3.Vesting. The Stock Units shall be promptly recorded on the books of the Company as Stock Unit awards. When and if the vesting requirements are satisfied, the Participant shall be entitled to receive one share of Common Stock for each vested Stock Unit granted hereunder, except as otherwise provided in Paragraph 9(b) below. Each vested Stock Unit shall be settled within 90 days of the applicable vesting date, but no later than March 15 of the calendar year following the calendar year in which the Stock Unit vested. Prior to the vesting and settlement of the Stock Units, the Participant shall have no rights as a stockholder with respect to the shares of Common Stock underlying the Stock Units.

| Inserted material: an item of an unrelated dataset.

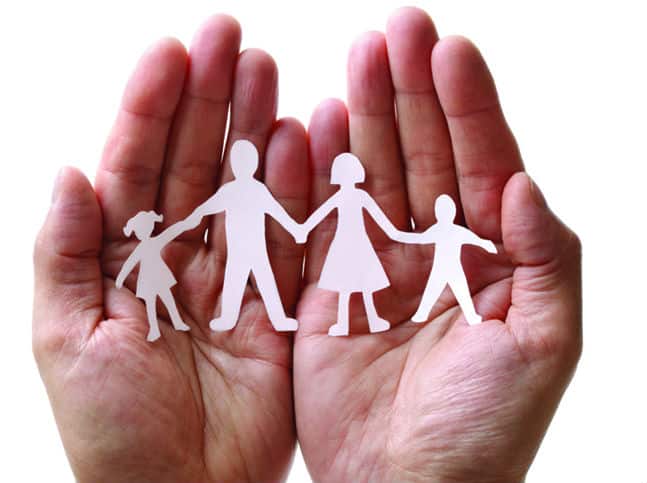 A pair of hands palm side up hold a little paper cutout of a family for Setting up a Trust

4.Adjustment. If under Section 12 of the Plan, the Participant shall be entitled to new, additional or different Stock Units, such new, additional or different Stock Units shall be subject to the vesting and other restrictions as provided in Paragraphs 7, 8 and 9 below.
5.Rights as Shareholder. The Stock Units shall be subject to the vesting requirements and other restrictions as provided in this Agreement. Upon the delivery of shares of Common Stock under this Agreement after vesting, the Participant shall have all the rights of a shareholder with respect to such shares of Common Stock, including, but not limited to, the right to vote such shares of Common Stock and to receive all dividends and other distributions paid with respect to them, and all such shares of Common Stock shall be evidenced by one or more certificates.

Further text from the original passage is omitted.